Thai Locale

Contents

  1. Locale and Internationalization
  2. Thai POSIX Locale Definition
  3. Building Thai POSIX Locale
  4. Acknowledgements
  5. Disclaimer
  6. Related Sites

1 Locale and Internationalization

Internationalization, aka. I18N, is a provision within a computer program of the capability of making itself adaptable to the requirements of different native languages, local customs and coded character sets. By means of internationalization, software can adapt to any local culture without re-compilation by relying on the abstract set of conventions, whose detail is left to localization process.

A locale definition fills the slot by describing its particular cultural conventions. There have been several kinds of locale defined on different systems, such as POSIX locale for basic cultural conventions, ISO/IEC 14652 as a POSIX enhancement, X locale for X Window applications, CTL locale for complex text layout definition, etc.

1.1 POSIX Locale and Standard C Interface

POSIX (Portable Operating System Interface for Computing Environments) is an international standard which defines interface between application and operating system. It boosts up software portability as the interface is guaranteed to be applicable to any conforming OS.

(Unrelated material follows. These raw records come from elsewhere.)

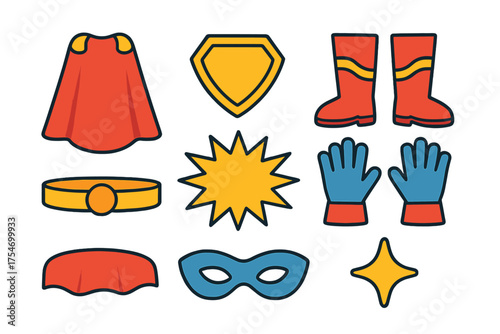 Set of comic book hero accessories including cape mask boots and emblem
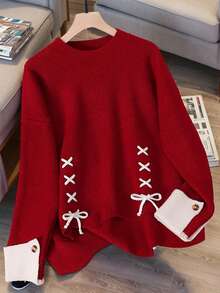 JIANHU New Spring Red Lace-Up Spliced Knit Sweater Women Loose Slimming Versatile Round Neck Long Sleeve Top, Vintage Warm Casual Oversized Look For Spring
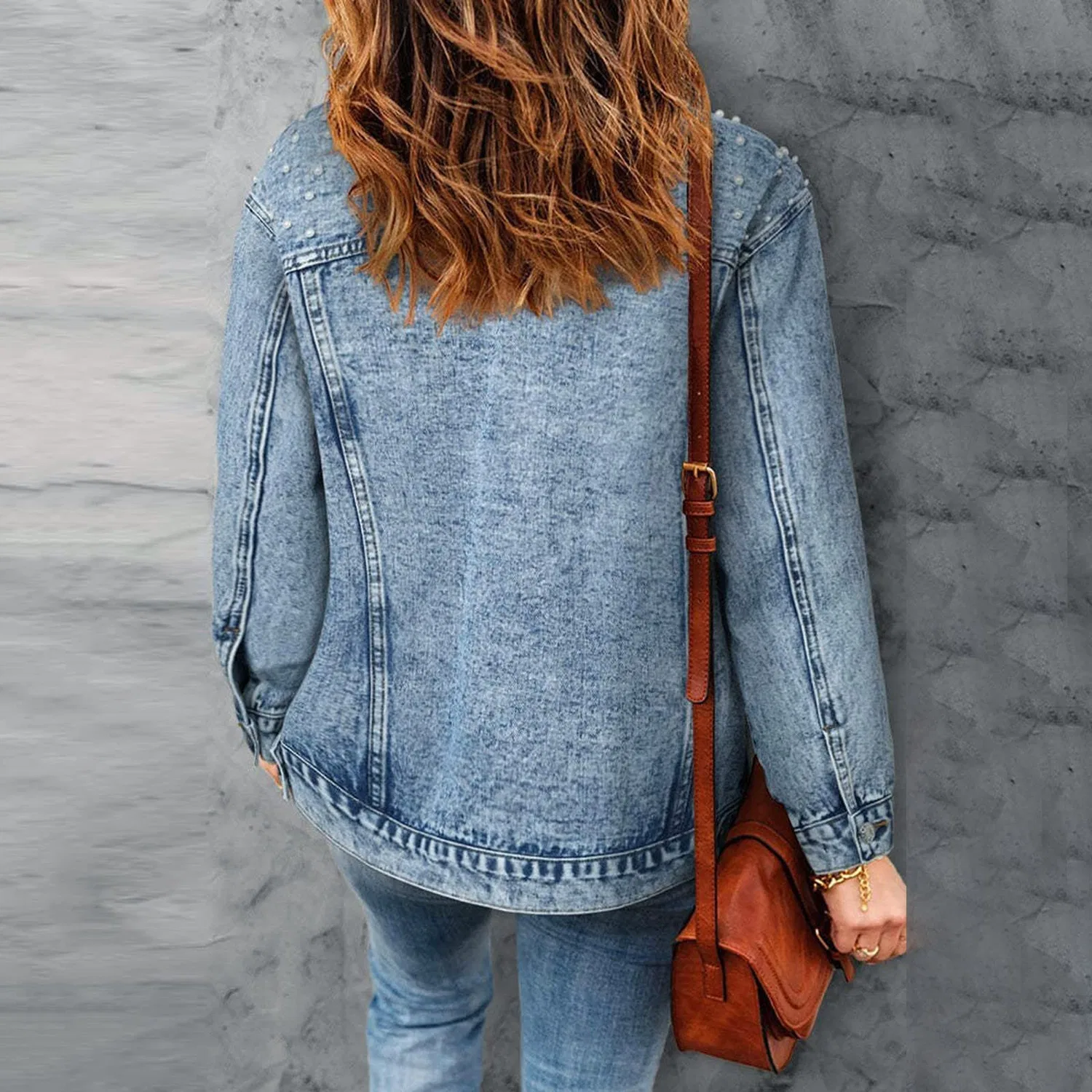 Женская джинсовая куртка с вышивкой Beaded Embroidered Denim Jackets, Blue — фото 2
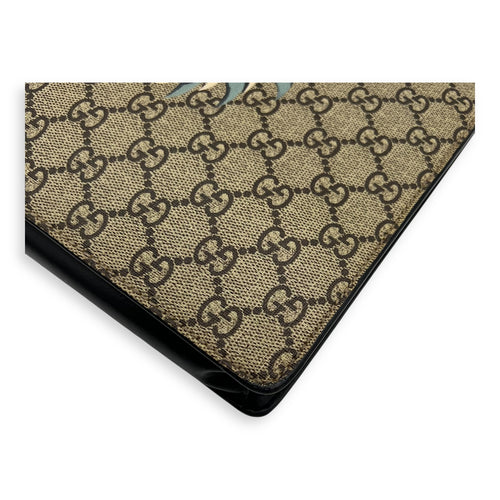 Gucci Tiger Pouch Brown in Coated Canvas, Silver hardware_8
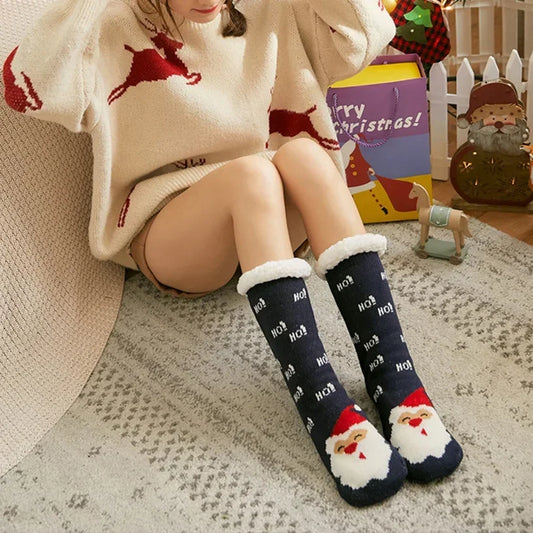 Christmas Fuzzy Socks Womens Winter Thermal Warm Floor Sock Soft Female Home Indoor Gifts Non Slip Grip Slipper Sock Fluffy.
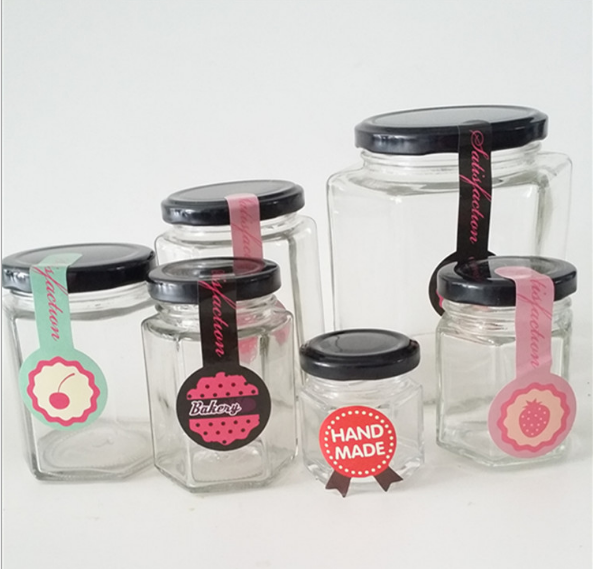 45~730ml glass honey jar hexagon shape honey glass jar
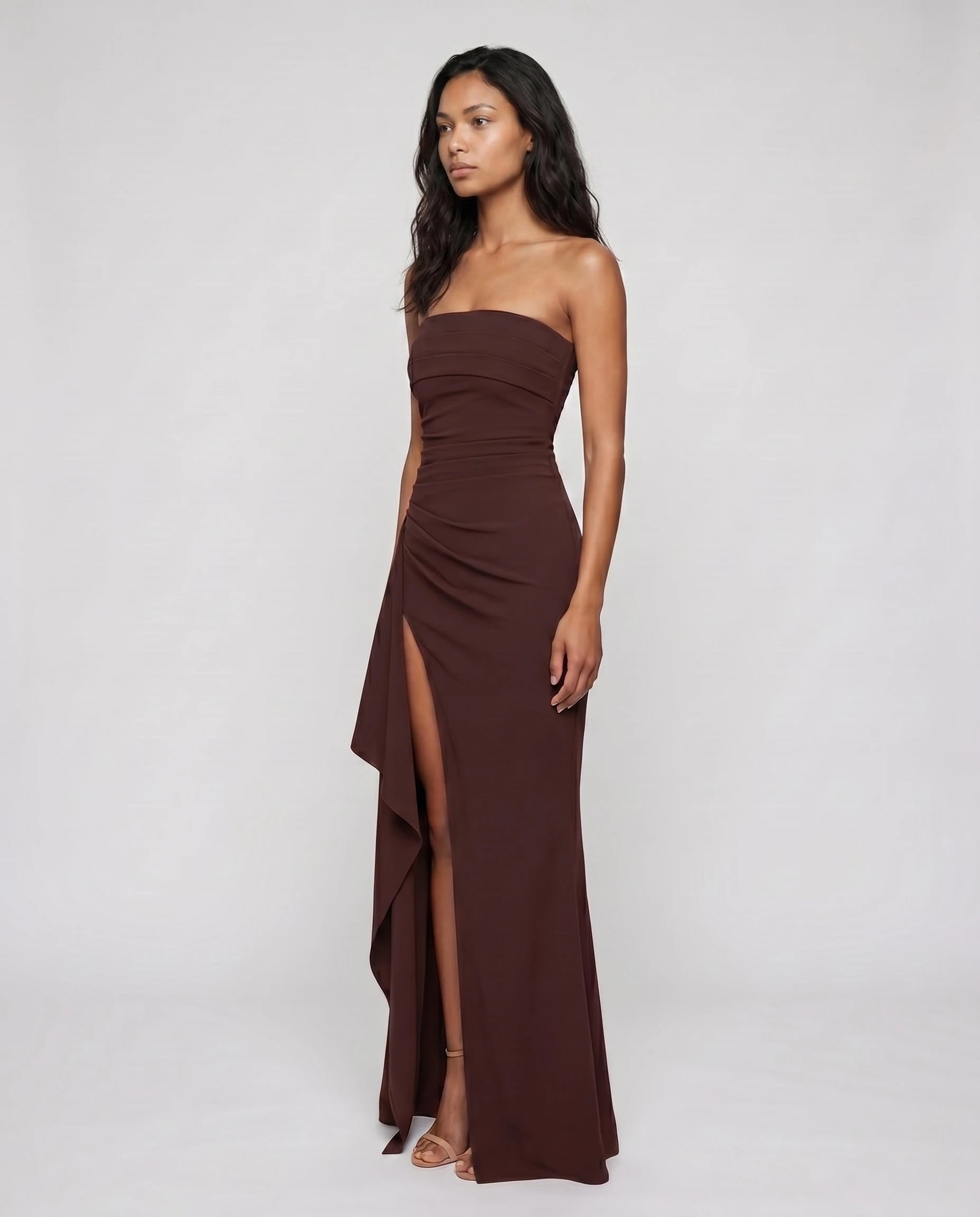 Robe longue bustier prune-marron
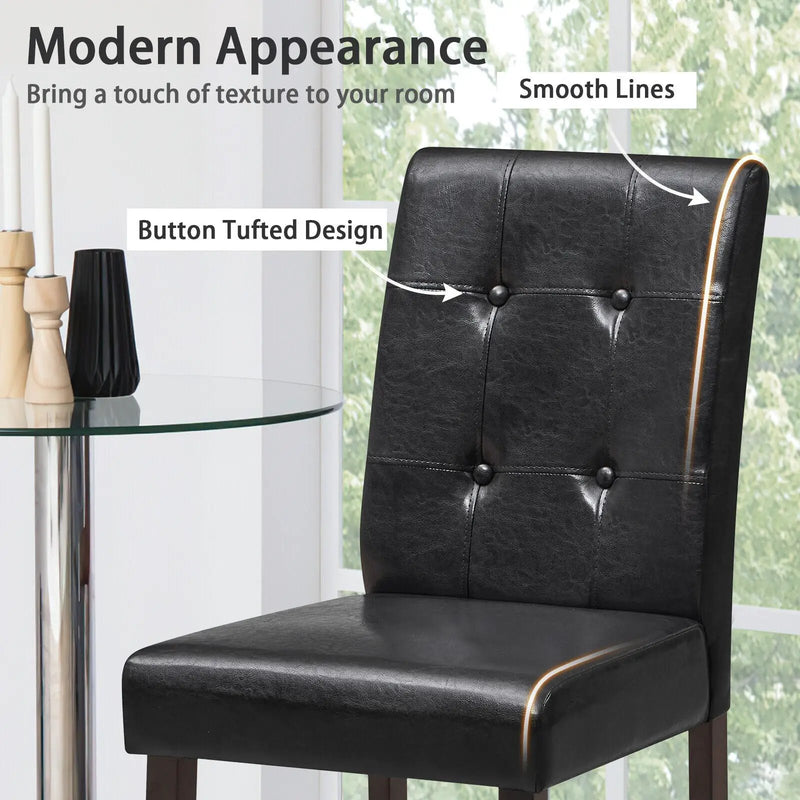 Set of 2 Bar Stools with Rubber Wood Legs and Button-Tufted Back by DirectDeals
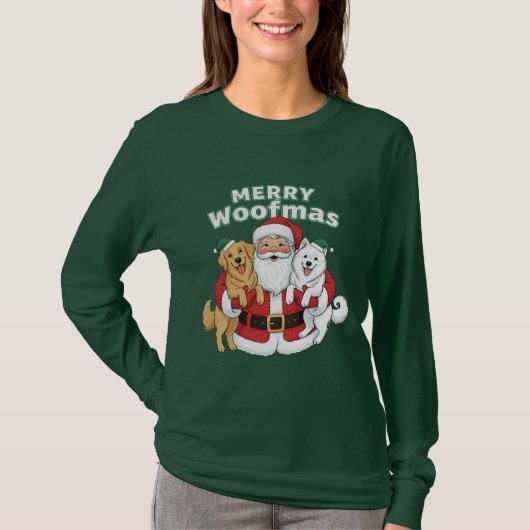 Merry Woofmas Christmas T-Shirt (Vorderseite)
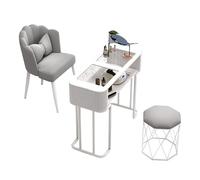 Station de Table de manucure Professionnel Technicien des Ongles Workart Bureau avec tiroir et étagères Ouvertes, Maison Moderne Rangement des Ongles équipement de beauté Salon en Bois Spa b
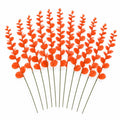Artificial Red Orange Eucalyptus Stems Set of 10, 16 Inch Halloween Decor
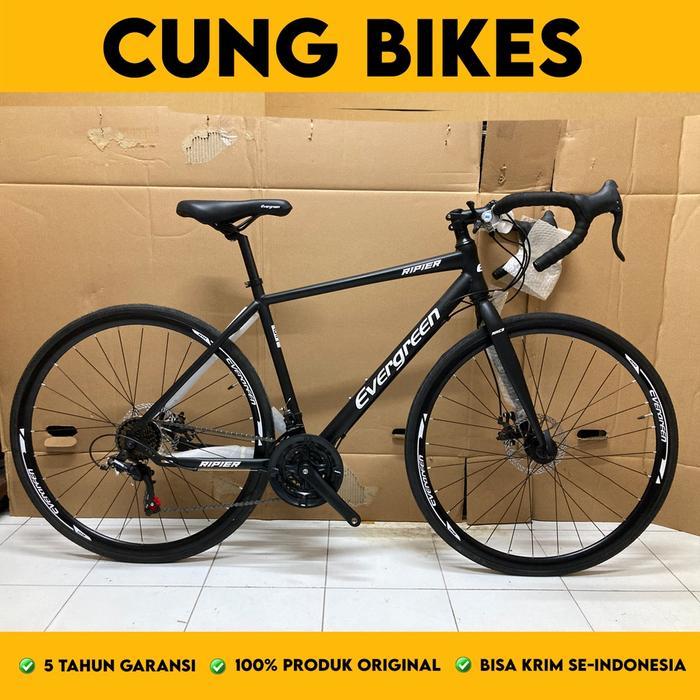 PROMO SERBA750 Sepeda Balap atau sepeda Road bike Evergreen Rapier 700 C - hitam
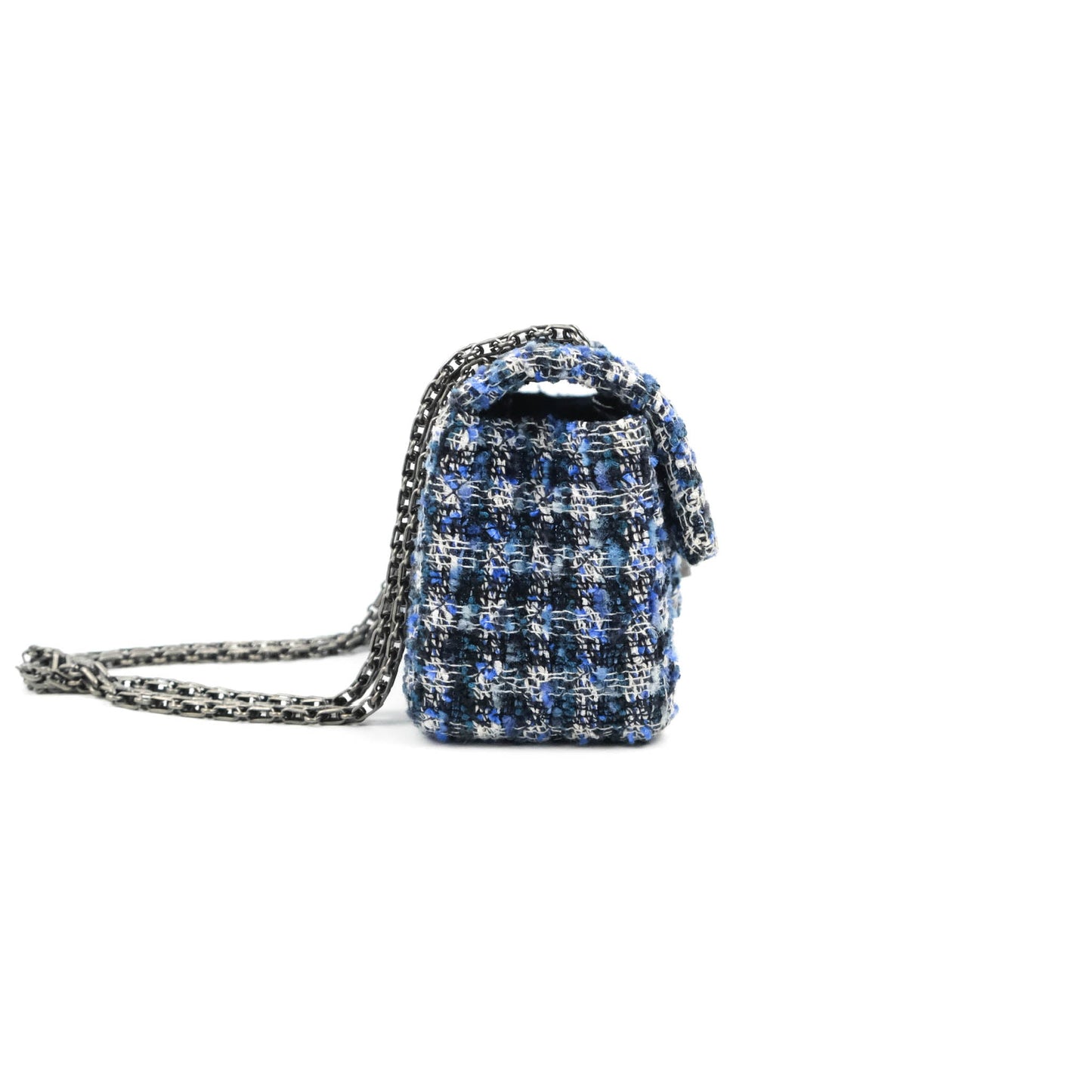 Chanel Mini Reissue 224 Blue Tweed Ruthenium Hardware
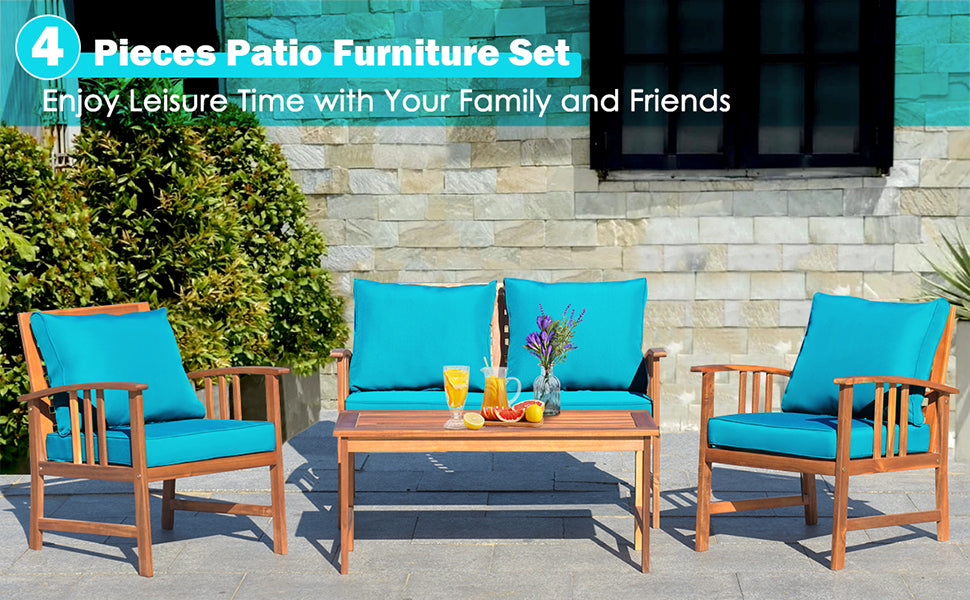 4 Piece Outdoor Acacia Wood Patio Conversation Set with Coffee Table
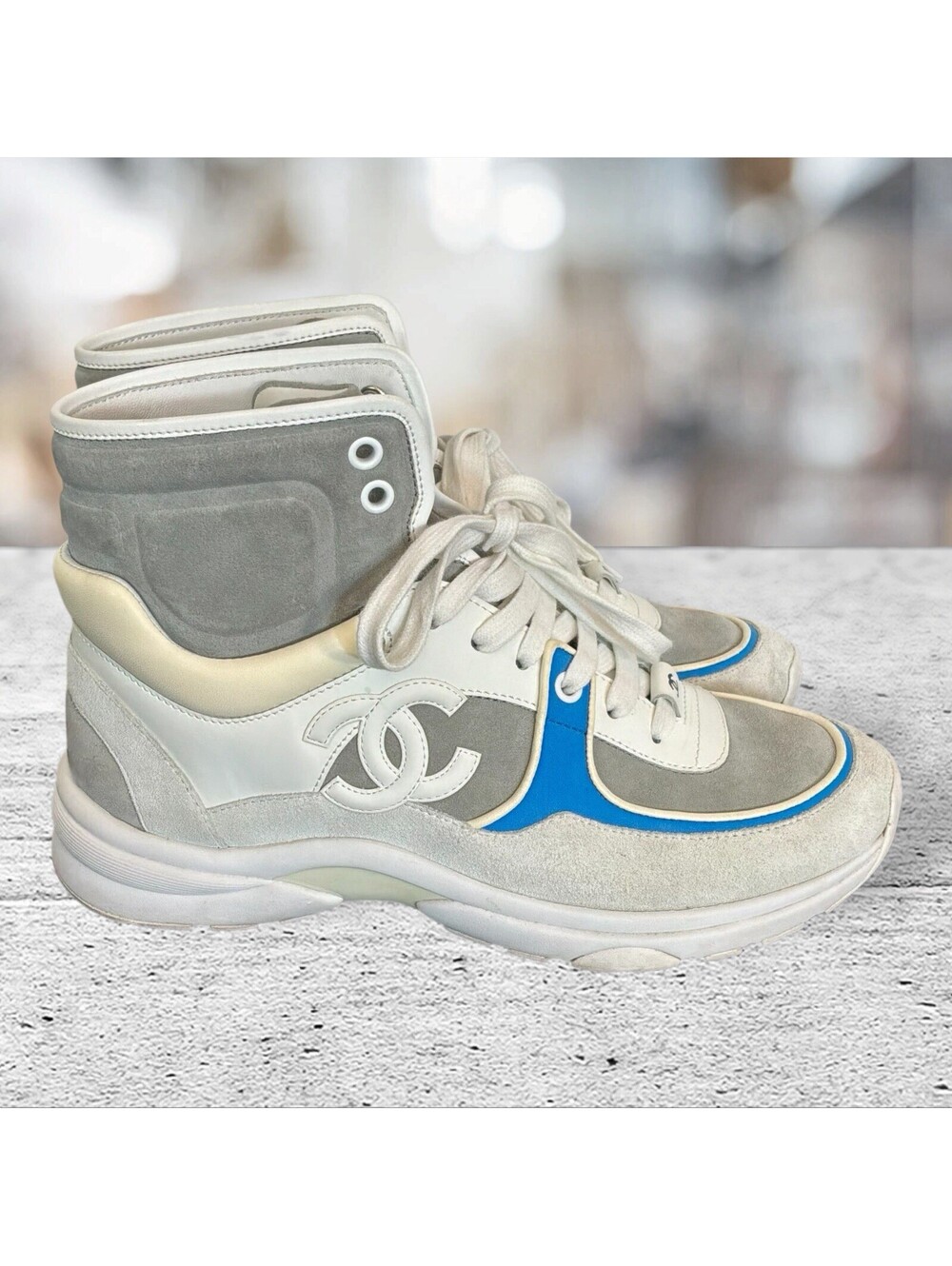 CHANEL BLUE, WHITE, GREY HIGH TOP TRAINER SNEAKER SIZE 39 G33726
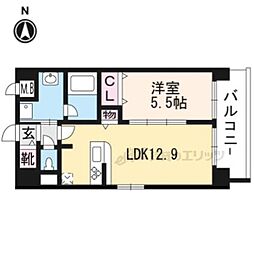 ドウェル東寺道 1LDKの間取図画像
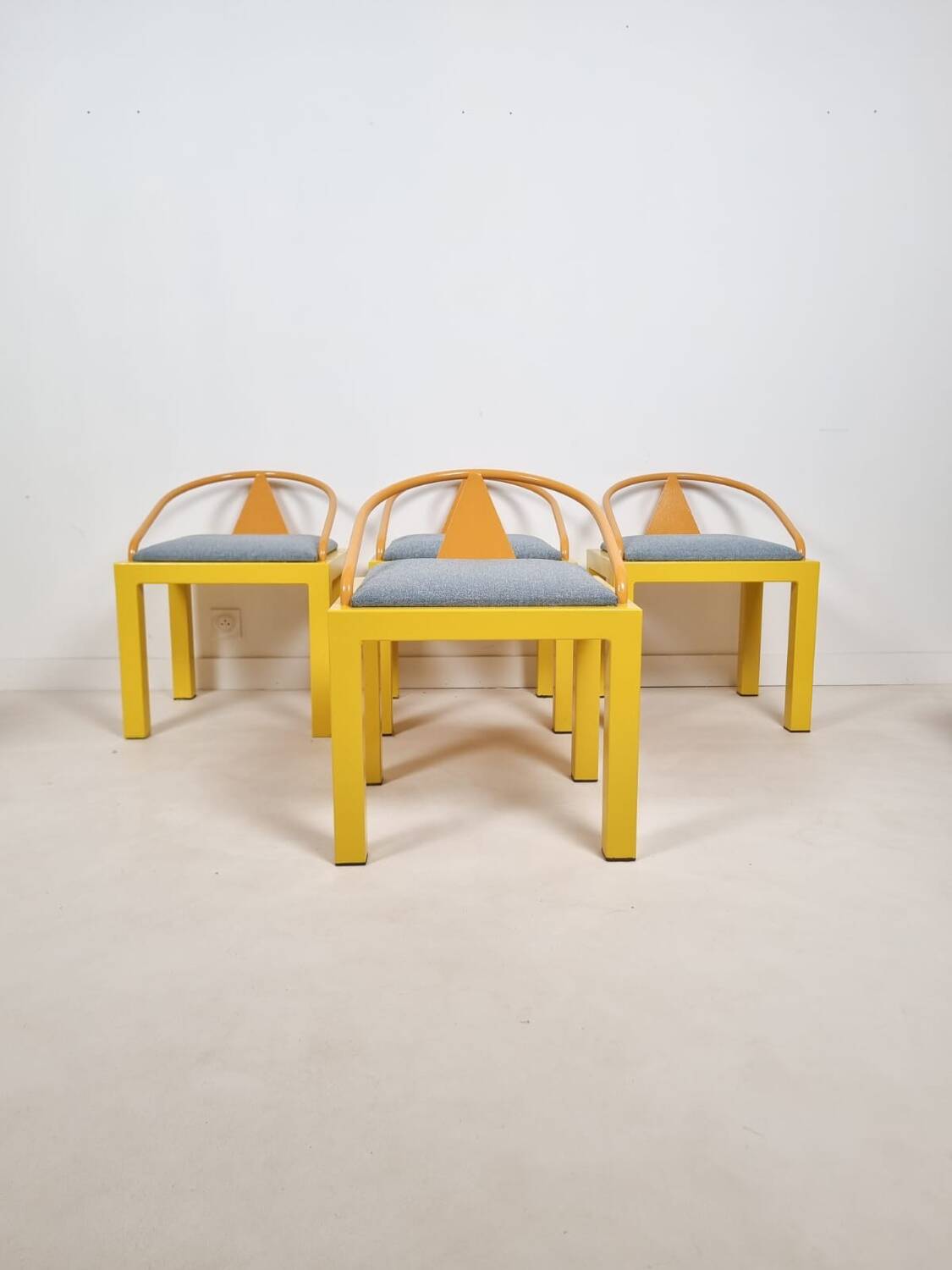 Memphis style chair in the style of Michele De Luchini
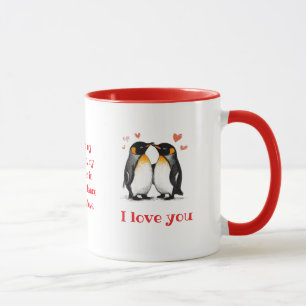 Caneca Para Amantes, Cota Pinguins, Adicionar Nomes, Amor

One category defined in POSIX is internationalization. And the term locale is used to call the set of language and cultural rules.

Locale Naming Conventions

Each locale is named for the language, territory, and character code set it describes. The following format is used for naming a locale:

language[_territory][.codeset]

The language part must be one of the language names defined in ISO 639:1988, and the territory part is one of the Alpha-2 code elements defined in ISO 3166-1. For example, the French language spoken in Canada using ISO-8859-1 code set is fr_CA.ISO-8859-1. The fr stands for the French language and the CA stands for Canada. If the codeset is omitted, implementation-dependent locale default encoding is implied.

The locale describing Thai language spoken in Thailand using TIS620 code set, which is explained in this article, is called th_TH.TIS-620, or in short, th_TH.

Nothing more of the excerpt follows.